◆ TASK STATEMENT:
No pictures, please. Copy exactly the lines from the one with "Close-up of minimalist" through the final line below.
#### STORED DATA ####
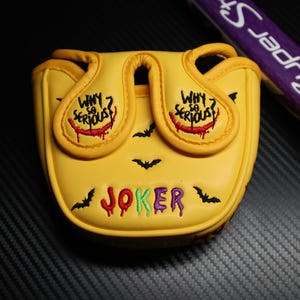 May include: Yellow golf club head cover with the word "JOKER" in colourful embroidery. The cover features the phrase "WHY SO SERIOUS?" and bat silhouettes. A purple and white golf club is visible in the background.
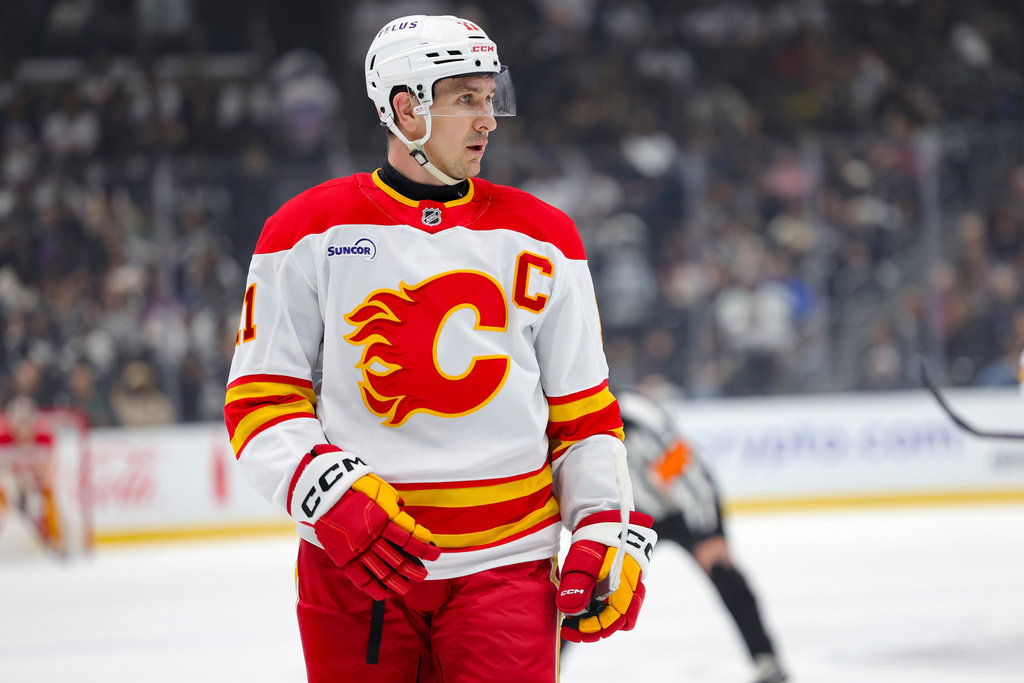 Calgary Flames center Mikael Backlund stands during a face off during the first period of an NHL hockey game against the Los Angeles Kings Saturday, Feb. 28, 2026 in Los Angeles. (AP Photo/Ryan Sun)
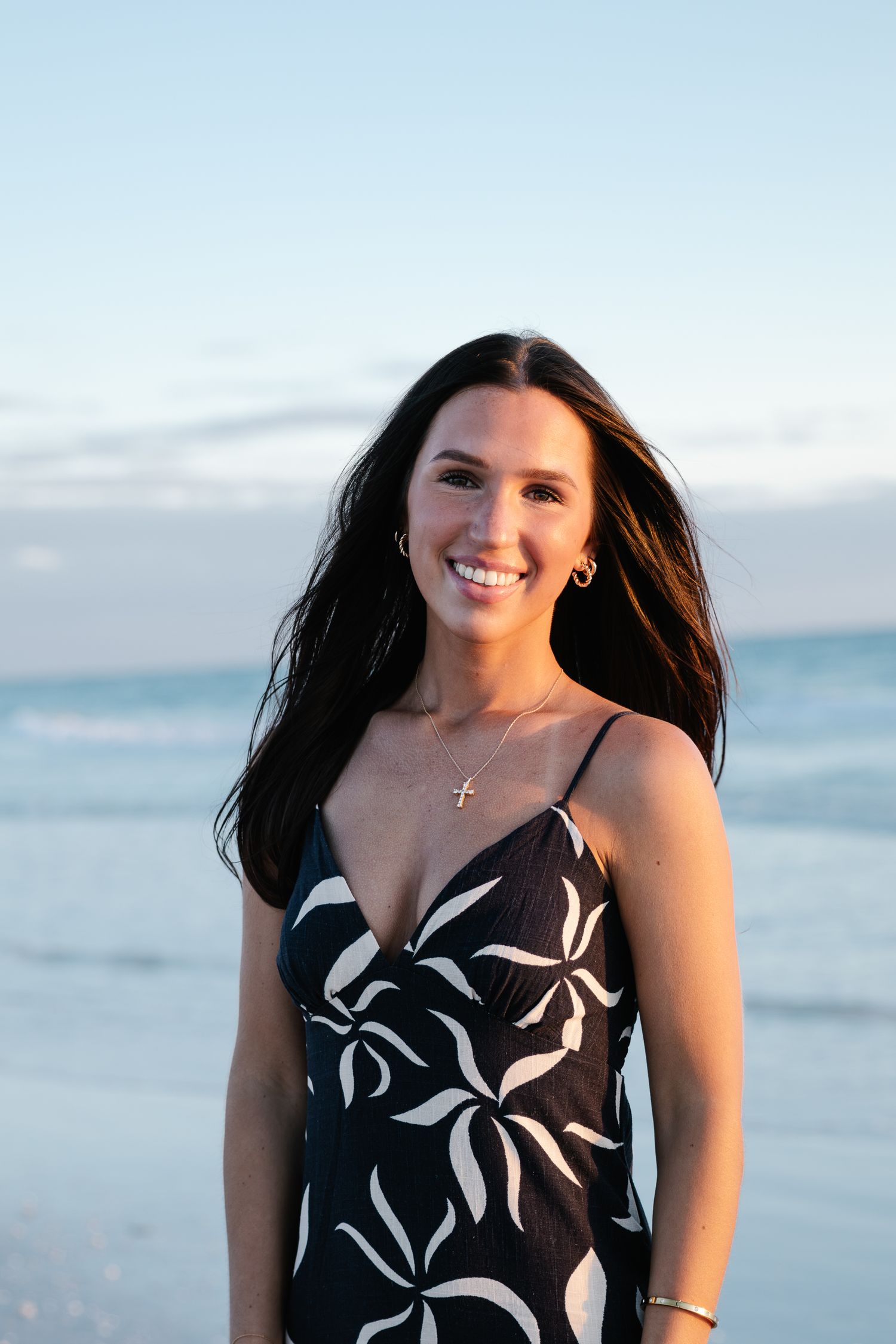 Young woman with long wavy hair poses at beach sunset in white top, hand in hair, ocean backdrop.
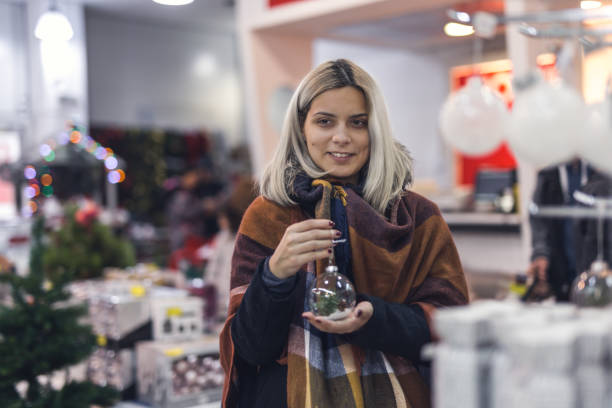 istock Woman buying Christmas decoration 892277566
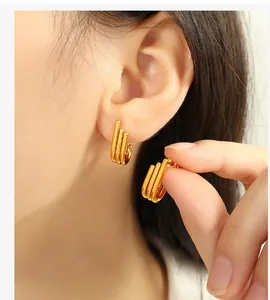 Close-up of minimalist triple-row gold-plated earrings worn to show the actual size
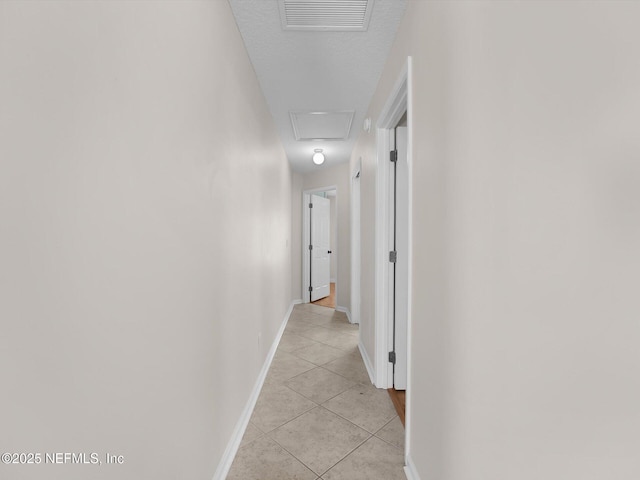 hallway with light tile patterned flooring and a textured ceiling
####
◆ EXERCISE OUTPUT:
 Close-up of minimalist triple-row gold-plated earrings worn to show the actual size
 hallway with light tile patterned flooring and a textured ceiling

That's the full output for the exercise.